Here is the all-important Ryder Cup weather forecast ahead of the 2016 clash between Europe and the USA at Hazeltine National Golf Club, courtesy of Accuweather
The 2016 Ryder Cup begins at Hazeltine National Golf Club near Chaska, Minnesota on Friday. The golf course is around four miles north of the centre of Chaska, a small town located in the north of the USA within the central time zone.
Given its northern position, the players can expect cool temperatures of around 50 degrees Fahrenheit (10 deg Celsius) at the start of the morning sessions on Friday and Saturday at around 8am local time, meaning there’s a chance the European Team will call upon their new Galvin Green Ryder Cup waterproofs to keep them warm.
This will rise through the morning, maxing out at around 70 degrees Fahrenheit (21 deg Celsius) in the early afternoon.

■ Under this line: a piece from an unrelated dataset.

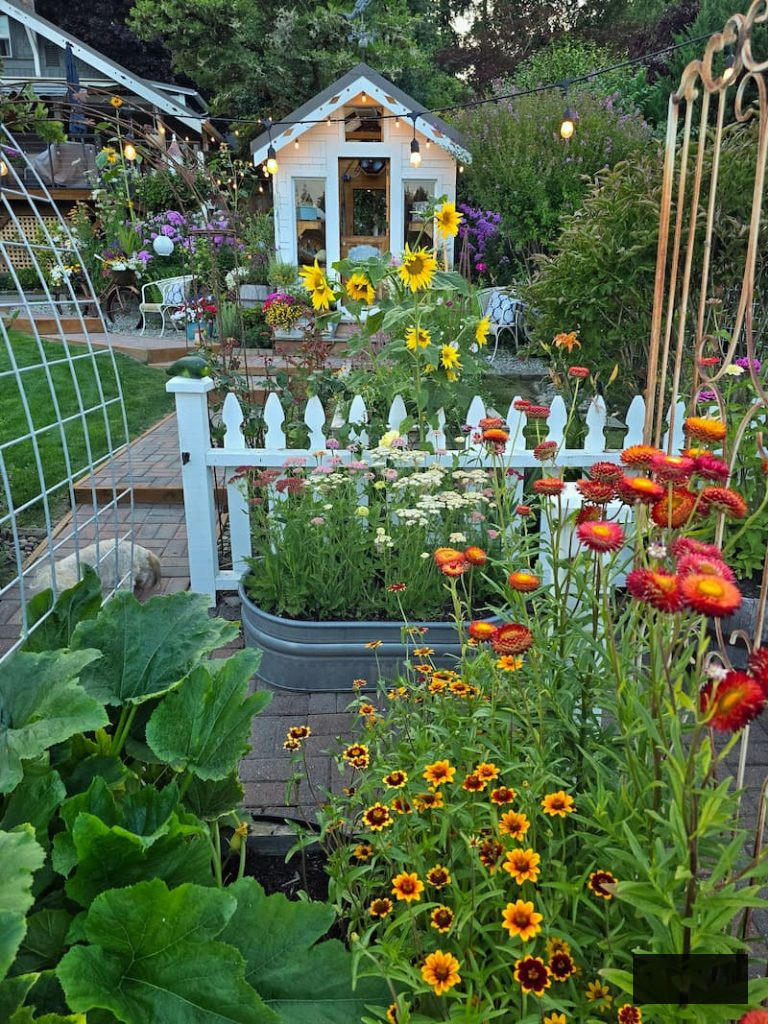 greenhouse and cut flower garden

The weather looks generally to be set fair for the duration of play from Friday through to Sunday with periods of cloud and sunshine. There is only a very small chance of rain (6 per cent) and gusts of wind of just seven miles an hour for the first two days, so the benign conditions should create the ideal environment for low scoring and lots of birdies on this exciting layout.
Sunday will be the warmest day, rising up to 78 degrees Fahrenheit (25 deg Celsius) and have a little more breeze, with gusts up to 15 miles per hour. The weather information is for the town of Chaska, four miles away from the golf course, and has been taken from the Accuweather website (www.accuweather.com)
Friday: Partly sunny with a six per cent chance of rain and gust of wind up to six miles per hour. Highs of 71 Degrees Fahrenheit (21 degrees Celsius), lows of 51.
Saturday: Periods of cloud and sunshine, 10 per cent chance of rain and gusts of win of up to 8 miles per hour. Highs of 70 Degrees Fahrenheit, lows of 52.
Sunday: Very warm, areas of sun and high cloud in the morning followed by considerable cloudiness, 15 per cent chance of rain, and wind gusts of up to 13 miles per hour. Temperates between 54-78 degrees Fahrenheit.